A user discovers the DPP service (e.g. likely through querying the DPP FAIR Data Point) and decides to request the count.  They can see documentation about how to call the Shallot service, so that they understand it.

Using those instructions, the user creates the URL that will cause the query to be executed using her desired parameters.  

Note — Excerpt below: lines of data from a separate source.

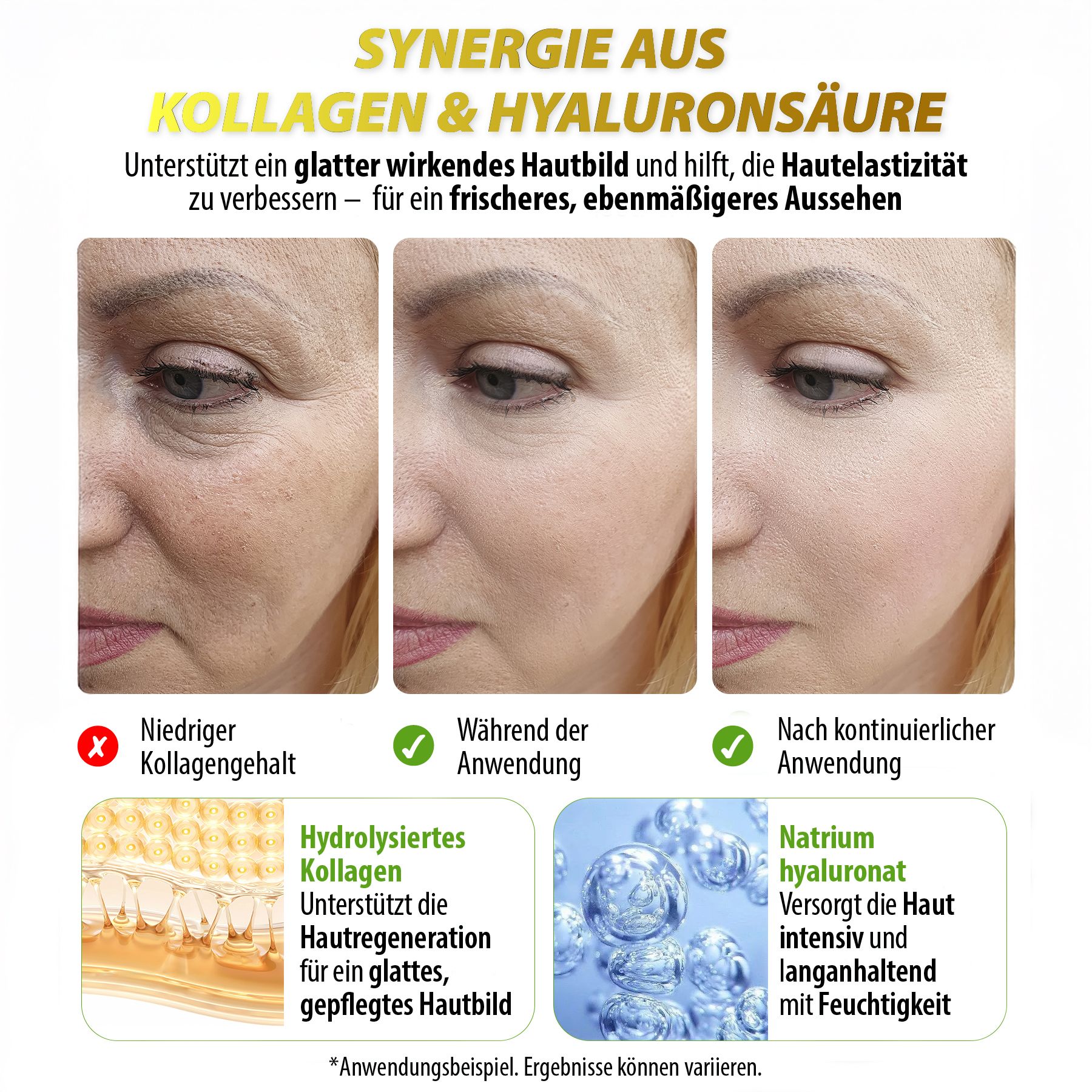Gesichtsfotos. Text: Synergie aus Kollagen & Hyaluronsäure. Vorher/während/nach Anwendung. Hautbild.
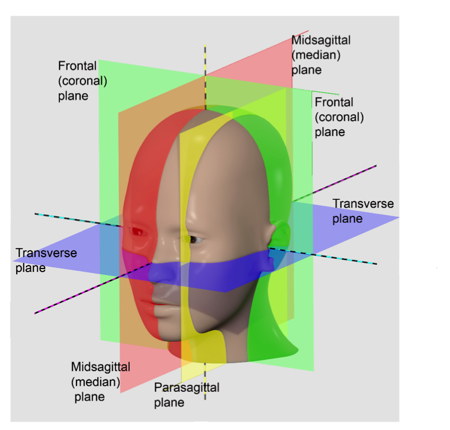<p>what planes of section is the yellow line?</p>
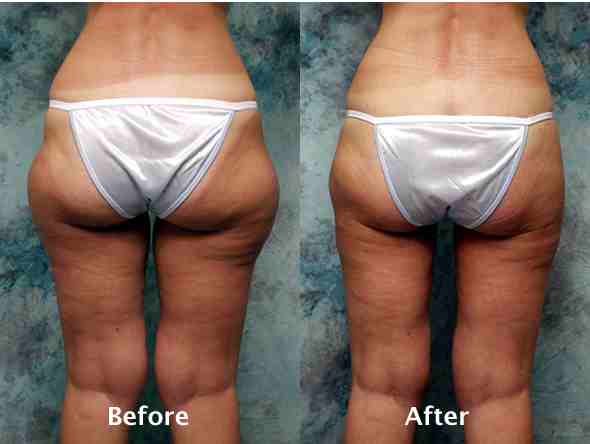 Liposuction Before & After Photos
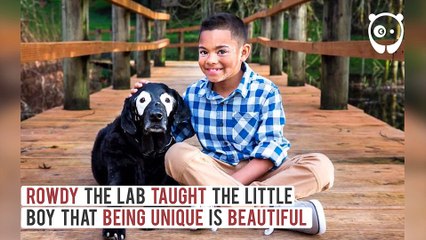 Atteint d'un problème de peau, ce garçon avait perdu le goût de la vie, jusqu'à ce qu'il fasse une rencontre inattendue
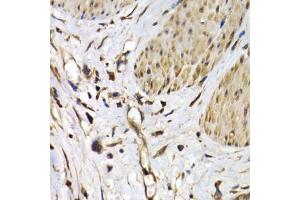 Immunohistochemistry of paraffin-embedded human gastric cancer using ISG15 Antibody. (ISG15 anticorps)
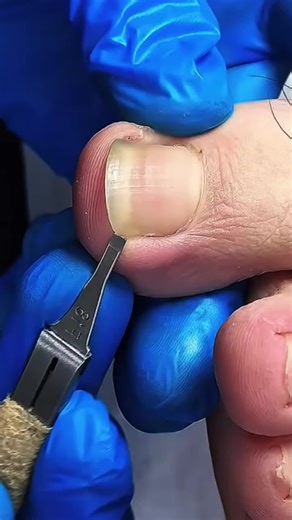 #historiasreddit #historias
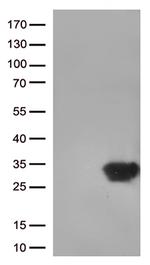 DUSP3 Antibody in Western Blot (WB)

     For example: type="Orphanet_98895"  (Beker Muscular Dystrophy)

# Enough Talk... Let's see it in action!

## Some initial setup steps


### Set-up the analytics environment

This demo has been coded to request the number of Duchenne and Becker patients in the DPP.  We first need to do some "housekeeping" so that our environment can make reequests over the web and plot them...


In [None]:
# DON'T DISCONNECT MY BINDER!
#(1..100).to_a.each {|t| puts t; sleep 30}
# TO STOP THIS, CLICK THE "STOP" ICON IN THE TOOLBAR,
# THEN DELETE THE CODE

require 'daru/view'
require 'rest-client'

Daru::View.plotting_library = :googlecharts

puts  "thanks!  Go to the next box now :-)"

## Call the interface

All of the private components are constantly running on the DPP server, so we do not need to do anything in that regard.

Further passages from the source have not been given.